A través de la intuición, súbitamente descubrimos que puede vivirse otra relación con el conocimiento. Por ese extraordinario surgimiento de un saber inmediato, lejos de toda lógica y de toda voluntad programada, nos vemos confrontados con los límites de nuestra conciencia, con las eternas incertidumbres de la comprensión, con las verdades «relativas» de nuestra civilización con los sentidos enfermos.
Y, sin duda, no es casualidad que la intuición nos toque a veces con su luz benefactora, para tranquilizarnos, para asegurarnos a su manera que, más allá de las reglas y las leyes de un mundo que corre demasiado, que a menudo pierde la cabeza, existen pruebas para compartir, sutiles mensajes que escuchar y después meditar. Como una luz que de vez en cuando nos muestra el camino hacia nosotros mismos.

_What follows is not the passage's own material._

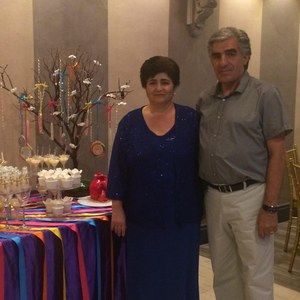 Meet your Posher, Arusyak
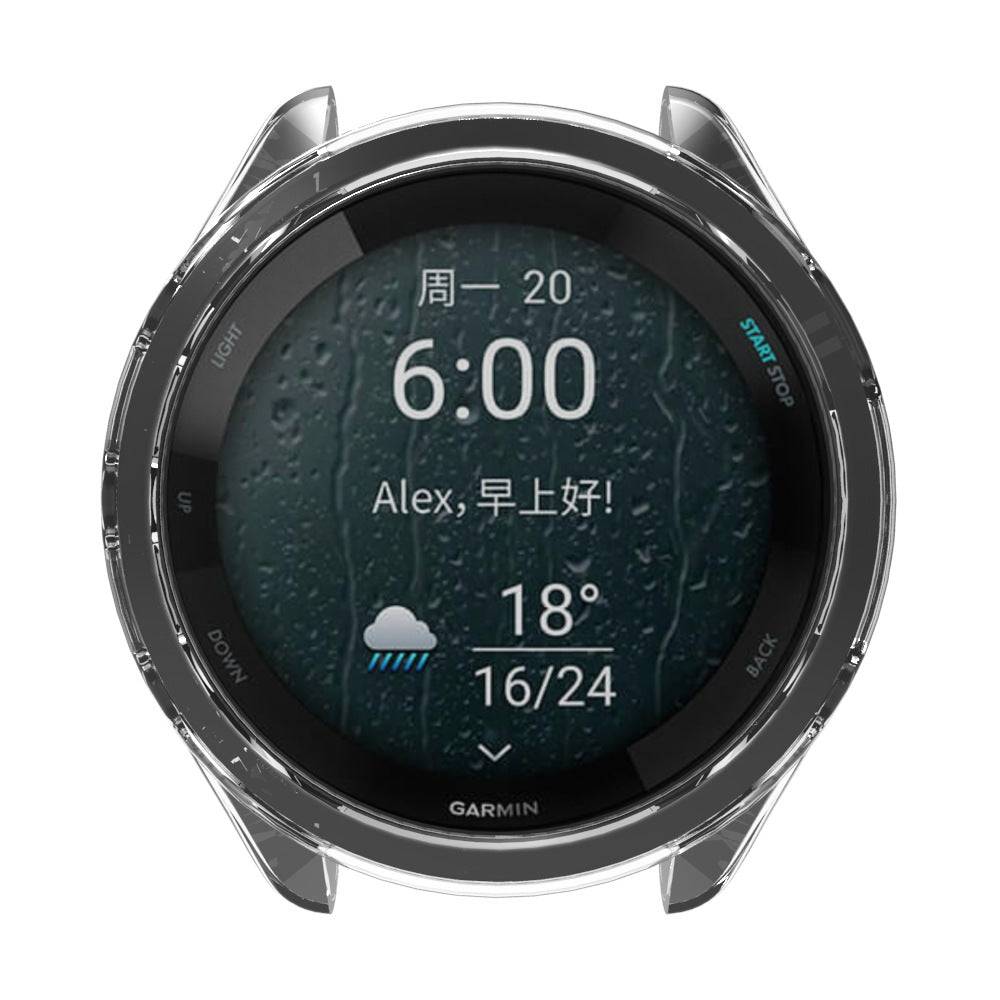 Garmin Forerunner 265 Protective Case – Ultra-Thin & Impact Resistant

Ya no se trata entonces de un simple fenómeno puntual que tendría sólo un valor anecdótico, sino, por el contrario, de la emergencia de una parte de nuestro ser más íntimo, más secreto, que hasta ahora permanecía prudentemente escondida en los recovecos de lo vivido. Como un velo corrido sobre una vida interior que todavía no nos habíamos detenido a explorar y, sobre todo, a la que no habíamos dejado expresarse.
Nuestra búsqueda de la intuición manifiesta entonces su verdadero rostro, que, más allá de las palabras, no es otro que un camino de despertar hacia nuestra vida interior, hacia esa parte de nuestra persona que en todas las circunstancias permanece invisible e impalpable, pero no menos esencial para nuestro recorrido. Acechar, escuchar, acercarse, desarrollar nuestra intuición se imponen como oportunidades para atravesar ese límite entre lo exterior y lo interior, un mundo real y un universo virtual, que den un nuevo sentido a nuestra bipolaridad inicial.